Campbell is now preparing her 8-year-old son for her death. When she talks to him, she asks him to remember the family vacations and the times they played together. He asks her if, when she goes to heaven, can she come down and see him?
She also wonders about the broader future. Will climate change ever be effectively addressed by policymakers? “I think it’s going to be several generations,” Campbell said.

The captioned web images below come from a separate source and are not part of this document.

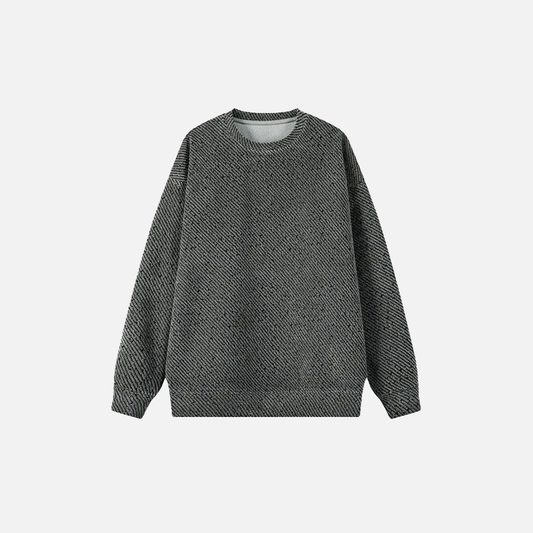 Classic Spring Solid Color Loose Sweatshirt - Luxuryurbanwear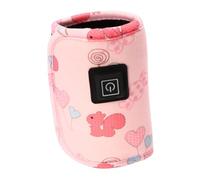 UKCOCO Chauffe-biberon USB Portable à Température Constante Housse Isotherme pour Biberon Nourrisson Maintien Chaud Sécurisé pour Lait Maternel Voyage et Maison Couleur Aléatoire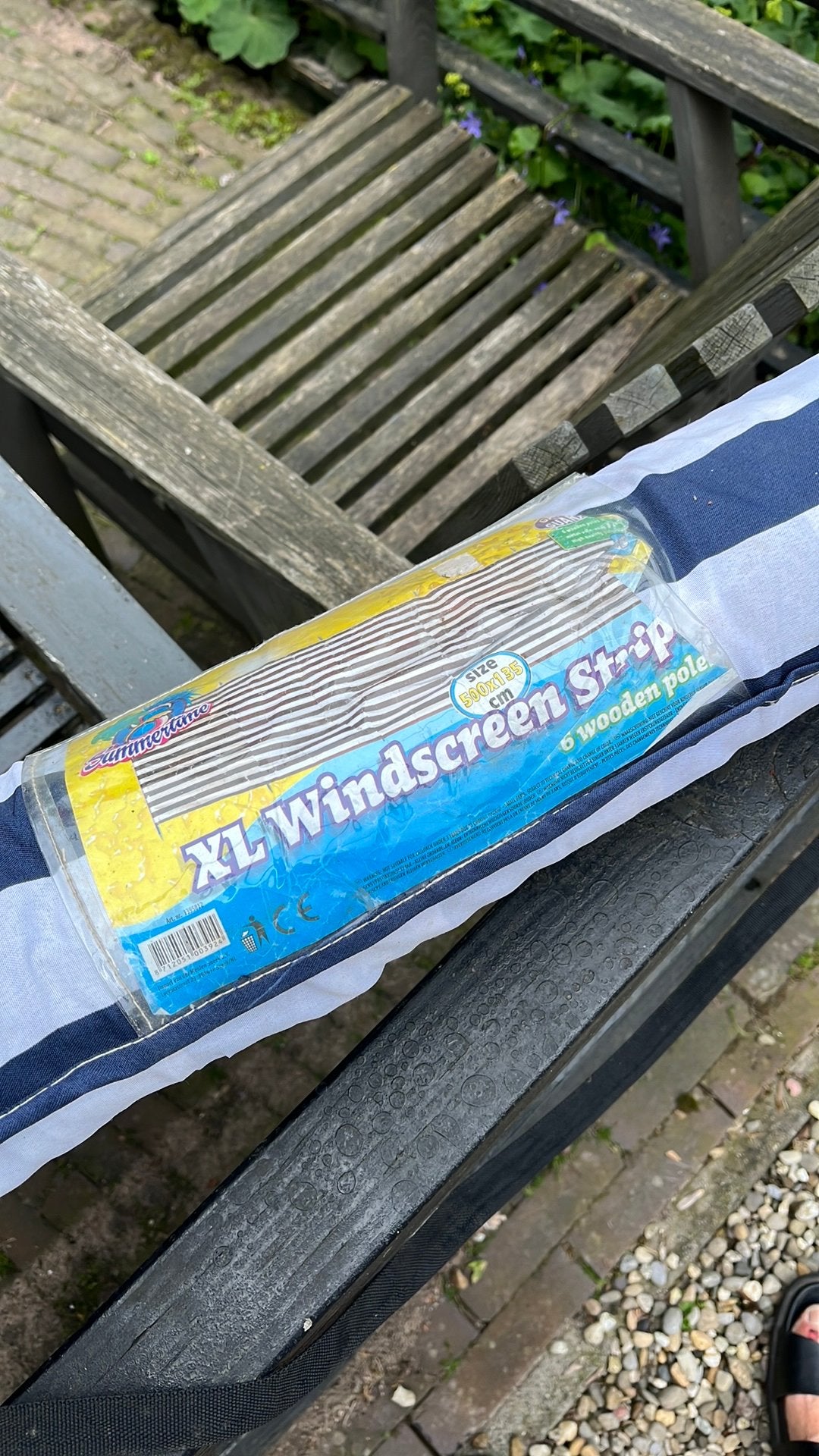 Windscherm, Ophalen, Zo goed als nieuw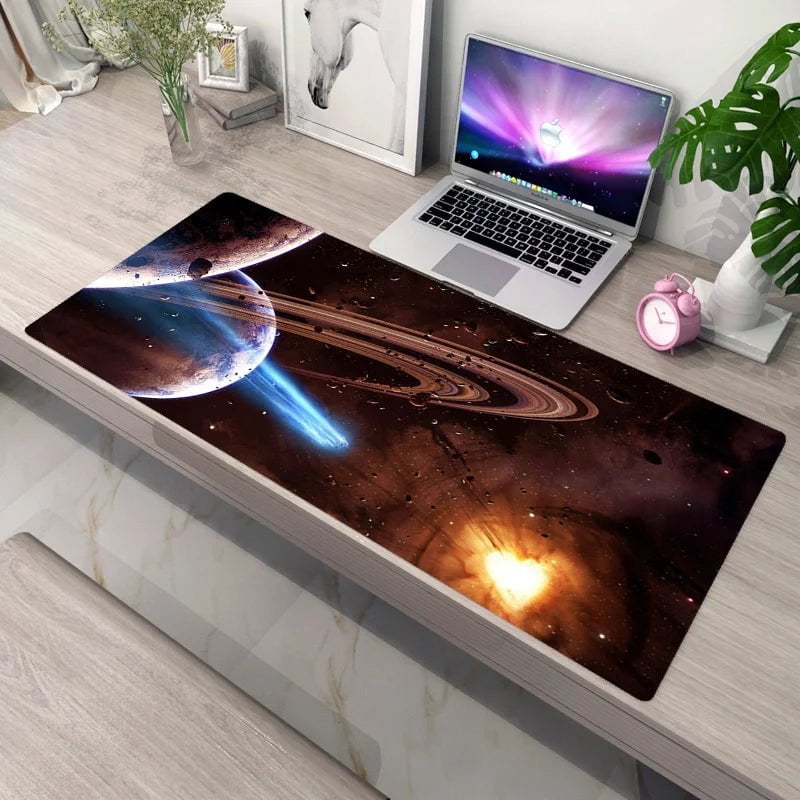 Storazone Fh000977 / Size 600x300x2 mm Mousepad Home XXL New Large Mouse Mat MousePads Starry Sky Office Laptop Carpet Soft Anti-slip Desktop Mouse Pad Mouse Mat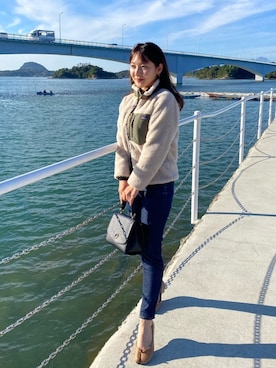 「足袋」｜「アイテム（その他アウター）」を使った、@imayaka28さん（レディース・151cm）の冬コーディネート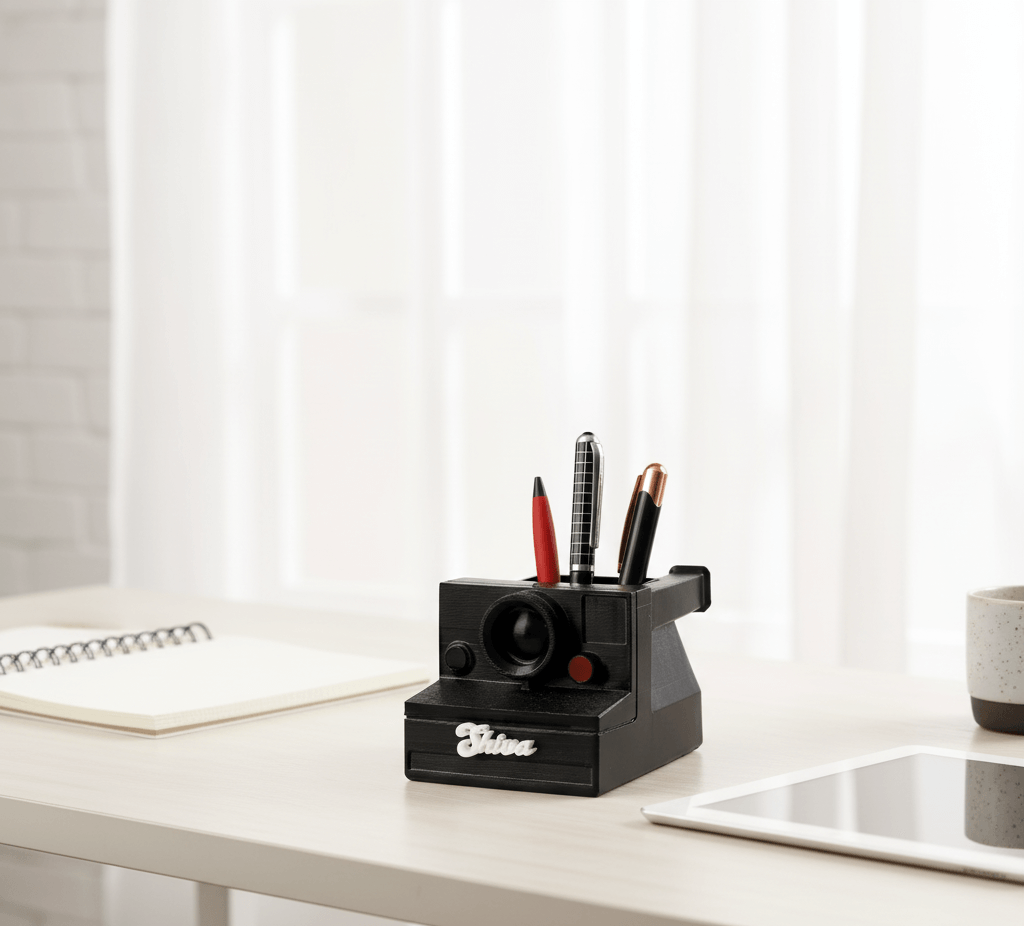 Vintage Camera Personalized Pen Stand - Image 3
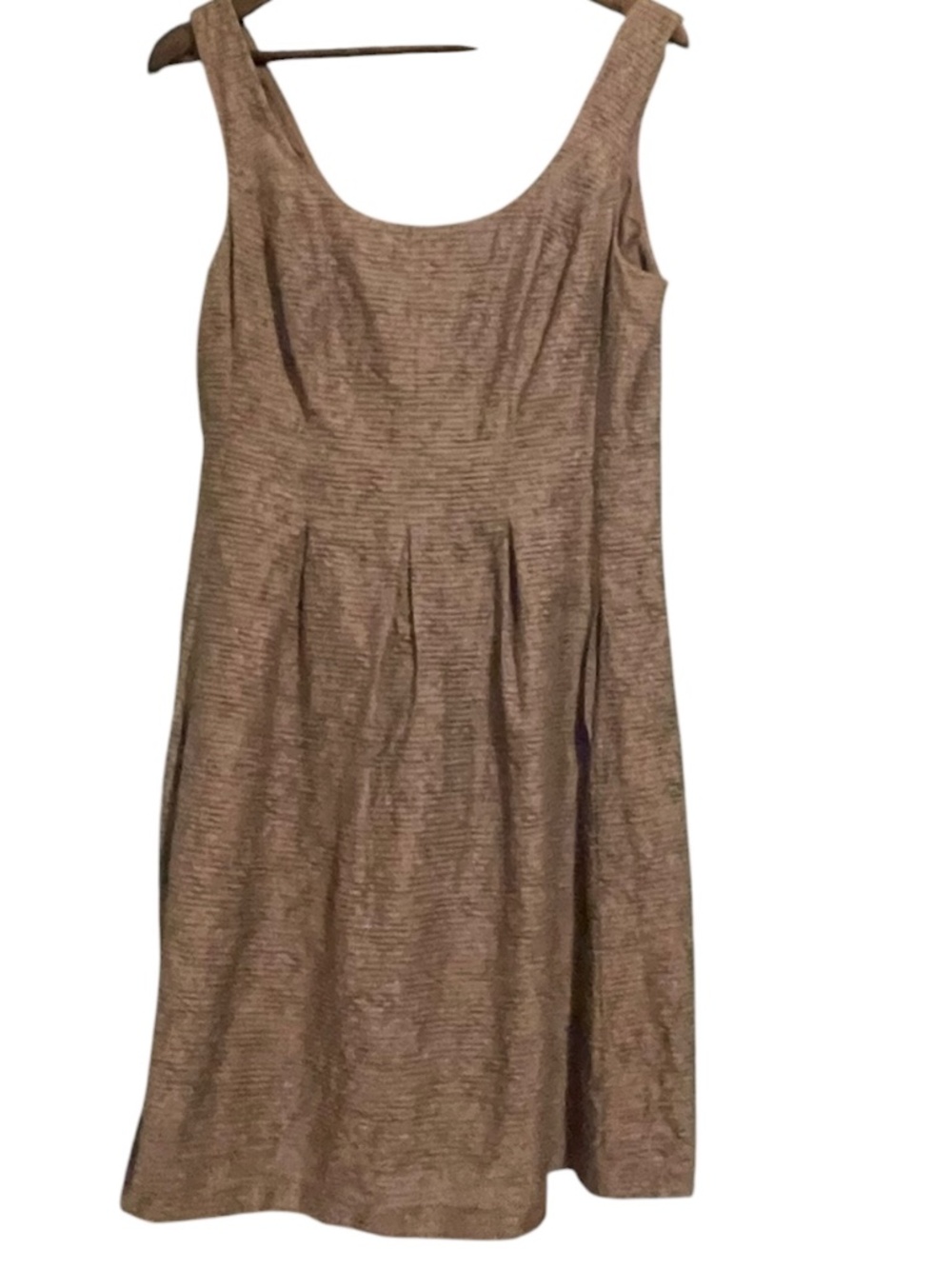 Nine West Fit & Flare Sleeveless lined dress with pockets Size 12 EUC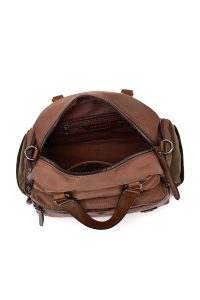 کیف زنانه قهوه‌ای بلند دری مد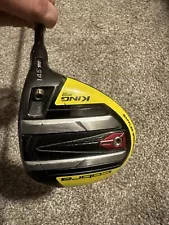 Cobra King F9 Yellow/Black 14.5 Degree 3 Wood Atmos 7S Stiff Shaft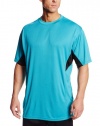 Russell Athletic Men's Big-Tall Dri Power Color Block Crew Neck Tee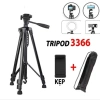 Gậy 3 Chân Tripod 3.366 Giá Đỡ Điện Thoại Tay Cầm Quay Phim 1m40 - Giá Ưu Đãi 189k 3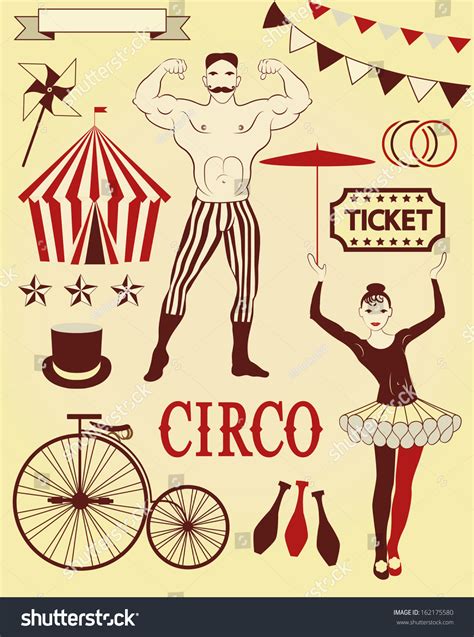 Illustration Circus Vector De Stock Libre De Regal As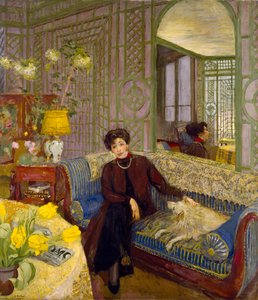 Portrett av Marcelle Aron, kona til Tristan Bernard (1866-1947) 1914 av Edouard Vuillard
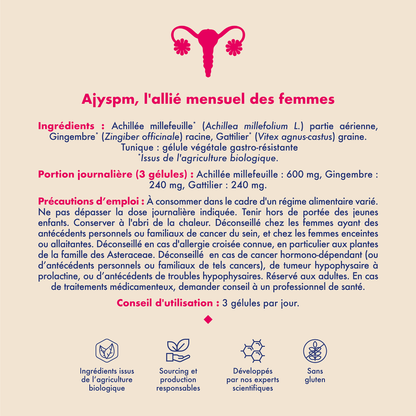 AJYSPM BIO - Compléments alimentaires syndrome prémenstruel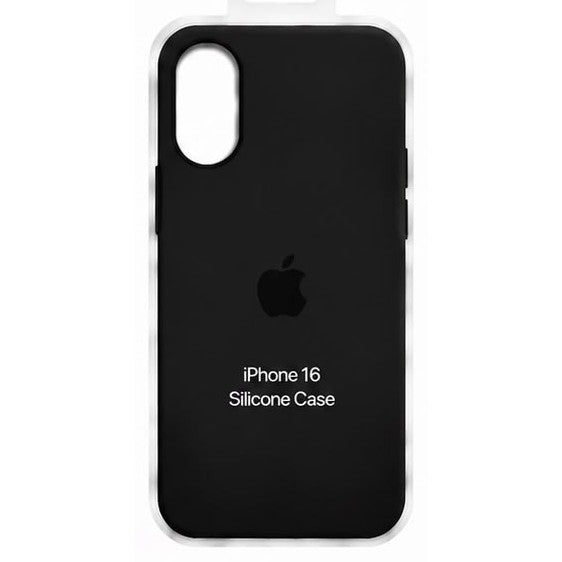 Forro de Silicona para iPhone iPhone 16 · Negro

Like so many other scientists and health advocates, Swanton believes it is urgent that PM2.5 levels around the world be lowered. He noted that 99 percent of the world’s population lives in areas where levels exceed what is deemed safe by the World Health Organization.
“Five times more people are exposed to pollution than tobacco, so it becomes more of an issue,” Swanton said. “And PM2.5 is causing diseases other than cancer,” he noted, from dementia to cardiovascular disease.
“Climate and human health are intimately linked. And this is just one out of over 100 other environmental carcinogens that may not cause DNA mutations,” said Swanton, adding that he found no evidence of a carcinogenic signature in DNA from lung cancers in nonsmokers. “So what are the other 99 doing? We need to know.”